Embattled World Soccer Body FIFA Suspends Bidding On Future World Cups


Embattled World Soccer Body FIFA Suspends Bidding On Future World Cups

FIFA Secretary General Jerome Valcke, the defacto spokesperson now that disgraced president Sepp Blatter is under investigation, said on Wednesday that FIFA would "postpone" the bidding process for the 2026 World Cup. The announcement comes after investigations are swirling around individual FIFA members, its leadership, host countries and the bidding process used to award the international tournaments.

The bidding process had previously been expected to start soon, with a final award in 2017. But Valcke said it's "nonsense to start any bidding process for the time being."

On Monday, in a predictable decision, FIFA said that there are no legal grounds for it to take the 2018 World Cup from Russia or the 2022 event from Qatar, though U.S. and international prosecutors may have a different opinion once their investigations are complete.

Numerous senior officials have agreed to cooperate, raising the possibility that stunning revelations of corruption in the bidding process will be revealed about both tournaments.

FIFA has been embroiled in scandal since the United States indicted 14 people, including nine top FIFA officials, on corruption charges last month.
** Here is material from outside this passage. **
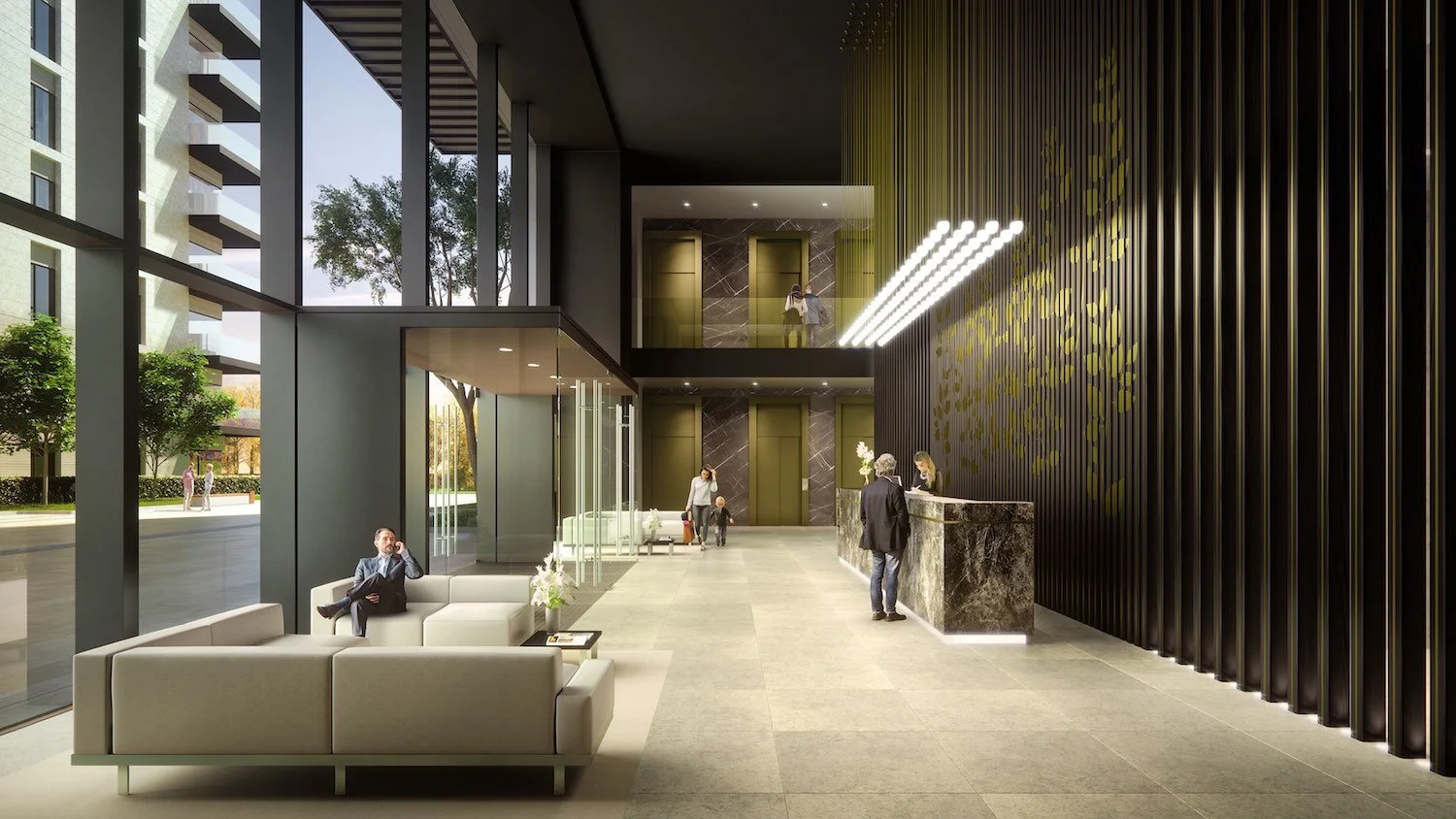 Residential lobby with elevators, reception and lounge zone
Swiss authorities simultaneously opened a separate investigation into how the 2018 and 2022 World Cup were awarded.

The U.S. indictment against Jack Warner, FIFA's former vice president, alleges he took a $10 million bribe to vote for South Africa to host the 2010 World Cup.
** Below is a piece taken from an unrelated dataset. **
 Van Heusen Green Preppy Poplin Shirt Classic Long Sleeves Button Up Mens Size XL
Valcke, fearing he, too, will become entangled in the case, has strenuously denied any wrongdoing in connection with the $10 million bribe.

He has also insisted that FIFA "has never been described as a corrupt organization" despite numerous allegations, supported by years of rumors, that paint an opposing picture.

Valcke has also suggested that the media is out to get him, similar language used by Blatter before his downfall.

"You have decided that after Blatter, I have to be the head to cut," he said to reporters.